El día tan esperado por Clarissa llegó finalmente, un día cargado de emoción y belleza, el día que marcaría el inicio de su nueva vida. La mansión Sinclair estaba en su mejor esplendor, pero el foco de atención estaba en otro lugar: la mansión Ashworth, donde la boda de Clarissa y Edward tendría lugar.

Clarissa, rodeada de amor y de aquellos que más la apreciaban, se encontraba en su habitación, lista para comenzar el camino que la llevaría hacia su futuro. El vestido que había recibido semanas antes, diseñado especialmente para ella por la mejor modista del país, Madame Dubois, era una verdadera obra de arte. El blanco marfil de la seda brillaba bajo la luz del sol, y los detalles en hilo de plata y encajes finos daban un aire etéreo a su figura. El corsé ajustado resaltaba su silueta, mientras que la larga cola del vestido caía grácilmente detrás de ella, como si fuera parte de una nube que tocaba el suelo.

Maya y Elara, que ahora eran las doncellas oficiales de Clarissa, se encontraban a su lado, ayudándola a prepararse para el evento. A pesar de las diferencias y la distancia de los últimos días, Maya había sido recibida de nuevo en la mansión Sinclair, agradecida por la oportunidad de servir a Clarissa en este momento tan importante. Elara, que siempre había estado al lado de Clarissa, sonreía con ternura, sintiendo que, por fin, su ama tendría la felicidad que merecía.

—Mi lady, está usted radiante —comentó Maya con una sonrisa emocionada, mientras ajustaba el velo de Clarissa.

—Gracias, Maya. Estoy feliz de que estés aquí para este día —respondió Clarissa, tomando su mano con cariño.

—Nunca la dejaría sola en un día tan importante —dijo Maya con una mirada de determinación—. Ya se lo dije a Elara, este día es suyo tanto como mío.

Con una última mirada al espejo, Clarissa sintió cómo su corazón latía más rápido. El sueño de toda su vida, aquel que había sido empañado por las oscuras maquinaciones de Isadora, finalmente se iba a hacer realidad. Sin embargo, esta vez no sería el destino quien dictaría su futuro, sino ella misma, al lado de Edward, el hombre al que había aprendido a amar con todo su ser.

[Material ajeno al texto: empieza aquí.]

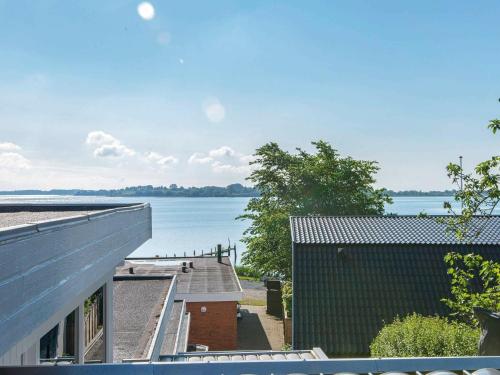 a view of the water from the roof of a house at 3 person holiday home in Gråsten-By Traum in Rønsheved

La ceremonia se llevó a cabo en una majestuosa iglesia, adornada con flores blancas, lirios y rosas, que llenaban el aire con su dulce fragancia. El suelo estaba cubierto de pétalos de rosa que formaban un camino hacia el altar, donde Edward la esperaba con una expresión que reflejaba tanto emoción como admiración. A su lado se encontraban los miembros más cercanos de su familia y amigos de confianza, todos esperaban ansiosos la llegada de la novia.

Clarissa fue acompañada por su padre, el conde Sinclair, que con una mano cariñosa la guiaba por el pasillo hacia el altar. La música, una pieza suave de cuerdas, acompañaba cada paso, llenando el aire de solemnidad. Los ojos de todos los asistentes se posaron sobre ella, incapaces de desviar la mirada de la deslumbrante figura que avanzaba hacia su prometido. A medida que se acercaba, Edward, de pie junto al altar, no pudo evitar la emoción que se reflejaba en su rostro. La sonrisa que le dedicó a Clarissa fue un reflejo de todo el amor y la esperanza que había puesto en ese día.

Clarissa llegó al altar y, con una elegancia natural, tomó la mano de Edward. Él la miró profundamente, como si fuera la única persona en la habitación, y sus palabras, aunque simples, fueron las más significativas para ella.

—Clarissa, hoy te recibo como mi esposa, con todo mi amor y compromiso —dijo Edward, su voz cargada de emoción.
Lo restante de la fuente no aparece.